* **PROVIDED ENTRIES**

※ ※ ※

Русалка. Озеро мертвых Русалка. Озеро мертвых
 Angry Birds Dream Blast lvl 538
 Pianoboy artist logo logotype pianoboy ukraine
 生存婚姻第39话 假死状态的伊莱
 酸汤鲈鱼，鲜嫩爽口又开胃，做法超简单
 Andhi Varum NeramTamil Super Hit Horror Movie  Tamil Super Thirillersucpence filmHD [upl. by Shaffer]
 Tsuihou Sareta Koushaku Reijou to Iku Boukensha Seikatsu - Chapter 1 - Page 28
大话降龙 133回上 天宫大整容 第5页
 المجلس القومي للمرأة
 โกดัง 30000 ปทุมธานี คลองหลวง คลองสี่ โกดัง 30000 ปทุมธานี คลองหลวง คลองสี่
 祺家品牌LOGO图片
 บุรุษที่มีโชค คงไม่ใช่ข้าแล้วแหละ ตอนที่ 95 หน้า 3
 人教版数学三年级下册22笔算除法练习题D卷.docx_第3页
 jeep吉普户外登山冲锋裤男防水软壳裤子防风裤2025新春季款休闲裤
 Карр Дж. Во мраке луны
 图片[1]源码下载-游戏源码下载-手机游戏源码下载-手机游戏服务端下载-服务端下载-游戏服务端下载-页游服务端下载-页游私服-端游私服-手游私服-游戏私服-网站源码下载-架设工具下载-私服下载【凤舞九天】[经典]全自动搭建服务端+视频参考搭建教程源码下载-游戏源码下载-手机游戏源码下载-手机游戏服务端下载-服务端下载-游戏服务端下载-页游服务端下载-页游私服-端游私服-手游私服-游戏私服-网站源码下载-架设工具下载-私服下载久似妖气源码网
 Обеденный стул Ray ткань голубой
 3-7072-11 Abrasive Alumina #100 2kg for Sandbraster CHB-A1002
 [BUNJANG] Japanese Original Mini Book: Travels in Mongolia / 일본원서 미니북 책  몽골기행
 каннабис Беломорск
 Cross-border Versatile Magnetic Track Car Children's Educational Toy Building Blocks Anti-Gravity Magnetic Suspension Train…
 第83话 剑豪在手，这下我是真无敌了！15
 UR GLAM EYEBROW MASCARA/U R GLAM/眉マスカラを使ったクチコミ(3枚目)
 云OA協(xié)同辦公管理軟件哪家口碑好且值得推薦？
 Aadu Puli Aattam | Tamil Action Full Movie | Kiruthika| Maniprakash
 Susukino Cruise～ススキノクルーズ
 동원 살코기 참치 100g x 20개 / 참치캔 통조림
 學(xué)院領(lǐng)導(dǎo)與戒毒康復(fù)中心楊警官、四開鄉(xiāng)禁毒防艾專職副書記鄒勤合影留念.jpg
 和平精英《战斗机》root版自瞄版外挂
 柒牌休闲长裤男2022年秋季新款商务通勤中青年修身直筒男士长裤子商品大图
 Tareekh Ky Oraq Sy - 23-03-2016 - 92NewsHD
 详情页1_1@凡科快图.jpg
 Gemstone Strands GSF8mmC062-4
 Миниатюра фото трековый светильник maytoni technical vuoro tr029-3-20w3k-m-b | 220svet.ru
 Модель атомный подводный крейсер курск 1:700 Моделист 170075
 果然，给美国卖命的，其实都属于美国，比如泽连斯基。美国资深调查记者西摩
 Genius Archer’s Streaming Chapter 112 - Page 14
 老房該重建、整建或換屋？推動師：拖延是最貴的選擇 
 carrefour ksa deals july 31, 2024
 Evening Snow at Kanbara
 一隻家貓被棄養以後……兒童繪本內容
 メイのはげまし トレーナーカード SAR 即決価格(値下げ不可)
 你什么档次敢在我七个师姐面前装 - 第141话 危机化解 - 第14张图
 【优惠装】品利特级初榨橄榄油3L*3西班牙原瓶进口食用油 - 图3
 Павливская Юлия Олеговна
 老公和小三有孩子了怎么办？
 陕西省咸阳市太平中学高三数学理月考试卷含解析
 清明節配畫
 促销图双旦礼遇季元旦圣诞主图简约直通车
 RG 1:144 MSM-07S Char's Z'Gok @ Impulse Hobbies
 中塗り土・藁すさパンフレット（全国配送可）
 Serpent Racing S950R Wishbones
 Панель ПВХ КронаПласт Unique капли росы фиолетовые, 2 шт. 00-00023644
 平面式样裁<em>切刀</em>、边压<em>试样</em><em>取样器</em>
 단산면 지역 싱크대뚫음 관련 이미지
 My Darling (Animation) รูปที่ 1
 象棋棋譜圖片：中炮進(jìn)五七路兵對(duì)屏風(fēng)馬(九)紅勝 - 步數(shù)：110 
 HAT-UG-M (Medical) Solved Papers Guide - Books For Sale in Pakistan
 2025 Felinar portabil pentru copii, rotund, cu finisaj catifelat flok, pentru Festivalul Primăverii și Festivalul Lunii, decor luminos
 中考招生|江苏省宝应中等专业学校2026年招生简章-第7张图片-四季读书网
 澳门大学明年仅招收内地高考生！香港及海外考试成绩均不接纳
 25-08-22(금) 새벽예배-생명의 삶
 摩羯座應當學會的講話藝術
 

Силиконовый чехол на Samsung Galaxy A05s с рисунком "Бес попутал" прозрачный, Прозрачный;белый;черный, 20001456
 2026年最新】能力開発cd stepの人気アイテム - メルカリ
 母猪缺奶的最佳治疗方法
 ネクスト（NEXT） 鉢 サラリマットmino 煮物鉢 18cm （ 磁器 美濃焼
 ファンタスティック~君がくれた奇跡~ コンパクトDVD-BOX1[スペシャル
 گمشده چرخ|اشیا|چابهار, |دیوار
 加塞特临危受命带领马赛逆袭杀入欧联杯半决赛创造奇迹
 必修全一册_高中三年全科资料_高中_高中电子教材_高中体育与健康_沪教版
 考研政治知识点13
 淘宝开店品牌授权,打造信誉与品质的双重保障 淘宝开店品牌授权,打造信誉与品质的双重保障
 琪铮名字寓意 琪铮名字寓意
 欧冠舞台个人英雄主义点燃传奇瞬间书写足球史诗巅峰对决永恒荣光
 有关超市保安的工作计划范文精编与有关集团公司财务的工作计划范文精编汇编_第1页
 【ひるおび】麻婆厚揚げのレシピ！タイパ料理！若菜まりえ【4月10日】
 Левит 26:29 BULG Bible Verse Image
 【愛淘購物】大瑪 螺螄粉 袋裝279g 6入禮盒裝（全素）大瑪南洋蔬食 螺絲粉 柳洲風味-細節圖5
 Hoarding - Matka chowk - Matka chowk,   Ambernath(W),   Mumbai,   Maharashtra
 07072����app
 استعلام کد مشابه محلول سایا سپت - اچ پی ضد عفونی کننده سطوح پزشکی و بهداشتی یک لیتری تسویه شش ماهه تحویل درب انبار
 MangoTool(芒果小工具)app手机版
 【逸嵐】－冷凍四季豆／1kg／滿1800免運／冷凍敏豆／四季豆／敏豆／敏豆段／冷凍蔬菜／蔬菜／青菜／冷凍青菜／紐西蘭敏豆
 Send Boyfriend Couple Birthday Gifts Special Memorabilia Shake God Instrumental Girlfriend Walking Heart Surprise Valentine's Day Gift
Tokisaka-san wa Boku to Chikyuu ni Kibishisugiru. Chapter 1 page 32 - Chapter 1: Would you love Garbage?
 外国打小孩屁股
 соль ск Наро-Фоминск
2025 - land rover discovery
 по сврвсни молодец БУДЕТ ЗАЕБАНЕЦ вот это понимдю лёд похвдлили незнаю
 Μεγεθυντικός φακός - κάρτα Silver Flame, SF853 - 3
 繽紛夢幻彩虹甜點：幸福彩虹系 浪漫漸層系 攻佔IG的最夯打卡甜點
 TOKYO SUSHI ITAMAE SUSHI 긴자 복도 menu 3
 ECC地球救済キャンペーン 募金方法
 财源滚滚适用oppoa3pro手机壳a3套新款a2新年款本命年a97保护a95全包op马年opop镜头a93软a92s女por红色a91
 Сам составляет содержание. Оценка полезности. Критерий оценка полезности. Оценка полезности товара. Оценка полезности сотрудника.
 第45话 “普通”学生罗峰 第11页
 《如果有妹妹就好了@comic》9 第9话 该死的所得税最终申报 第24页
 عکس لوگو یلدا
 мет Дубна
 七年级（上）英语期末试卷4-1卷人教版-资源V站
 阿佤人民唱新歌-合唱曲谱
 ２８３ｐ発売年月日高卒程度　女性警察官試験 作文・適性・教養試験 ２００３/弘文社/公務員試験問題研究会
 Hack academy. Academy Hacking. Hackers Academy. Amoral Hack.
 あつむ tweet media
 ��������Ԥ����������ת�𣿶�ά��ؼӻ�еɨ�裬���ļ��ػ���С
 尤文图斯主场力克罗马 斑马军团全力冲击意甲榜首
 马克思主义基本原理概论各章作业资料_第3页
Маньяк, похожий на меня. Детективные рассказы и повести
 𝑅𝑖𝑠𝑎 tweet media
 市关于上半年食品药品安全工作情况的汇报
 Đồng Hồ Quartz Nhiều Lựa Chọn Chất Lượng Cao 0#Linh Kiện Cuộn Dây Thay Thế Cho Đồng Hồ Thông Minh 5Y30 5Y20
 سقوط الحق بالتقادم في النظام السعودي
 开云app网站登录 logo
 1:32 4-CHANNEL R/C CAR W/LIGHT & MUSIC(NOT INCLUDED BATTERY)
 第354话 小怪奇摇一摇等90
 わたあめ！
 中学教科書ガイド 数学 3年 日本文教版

※ ※ ※

Please output only the lines from the first line of the entries through the line with "UR GLAM EYEBROW", both included, exactly as written.

Русалка. Озеро мертвых Русалка. Озеро мертвых
 Angry Birds Dream Blast lvl 538
 Pianoboy artist logo logotype pianoboy ukraine
 生存婚姻第39话 假死状态的伊莱
 酸汤鲈鱼，鲜嫩爽口又开胃，做法超简单
 Andhi Varum NeramTamil Super Hit Horror Movie  Tamil Super Thirillersucpence filmHD [upl. by Shaffer]
 Tsuihou Sareta Koushaku Reijou to Iku Boukensha Seikatsu - Chapter 1 - Page 28
大话降龙 133回上 天宫大整容 第5页
 المجلس القومي للمرأة
 โกดัง 30000 ปทุมธานี คลองหลวง คลองสี่ โกดัง 30000 ปทุมธานี คลองหลวง คลองสี่
 祺家品牌LOGO图片
 บุรุษที่มีโชค คงไม่ใช่ข้าแล้วแหละ ตอนที่ 95 หน้า 3
 人教版数学三年级下册22笔算除法练习题D卷.docx_第3页
 jeep吉普户外登山冲锋裤男防水软壳裤子防风裤2025新春季款休闲裤
 Карр Дж. Во мраке луны
 图片[1]源码下载-游戏源码下载-手机游戏源码下载-手机游戏服务端下载-服务端下载-游戏服务端下载-页游服务端下载-页游私服-端游私服-手游私服-游戏私服-网站源码下载-架设工具下载-私服下载【凤舞九天】[经典]全自动搭建服务端+视频参考搭建教程源码下载-游戏源码下载-手机游戏源码下载-手机游戏服务端下载-服务端下载-游戏服务端下载-页游服务端下载-页游私服-端游私服-手游私服-游戏私服-网站源码下载-架设工具下载-私服下载久似妖气源码网
 Обеденный стул Ray ткань голубой
 3-7072-11 Abrasive Alumina #100 2kg for Sandbraster CHB-A1002
 [BUNJANG] Japanese Original Mini Book: Travels in Mongolia / 일본원서 미니북 책  몽골기행
 каннабис Беломорск
 Cross-border Versatile Magnetic Track Car Children's Educational Toy Building Blocks Anti-Gravity Magnetic Suspension Train…
 第83话 剑豪在手，这下我是真无敌了！15
 UR GLAM EYEBROW MASCARA/U R GLAM/眉マスカラを使ったクチコミ(3枚目)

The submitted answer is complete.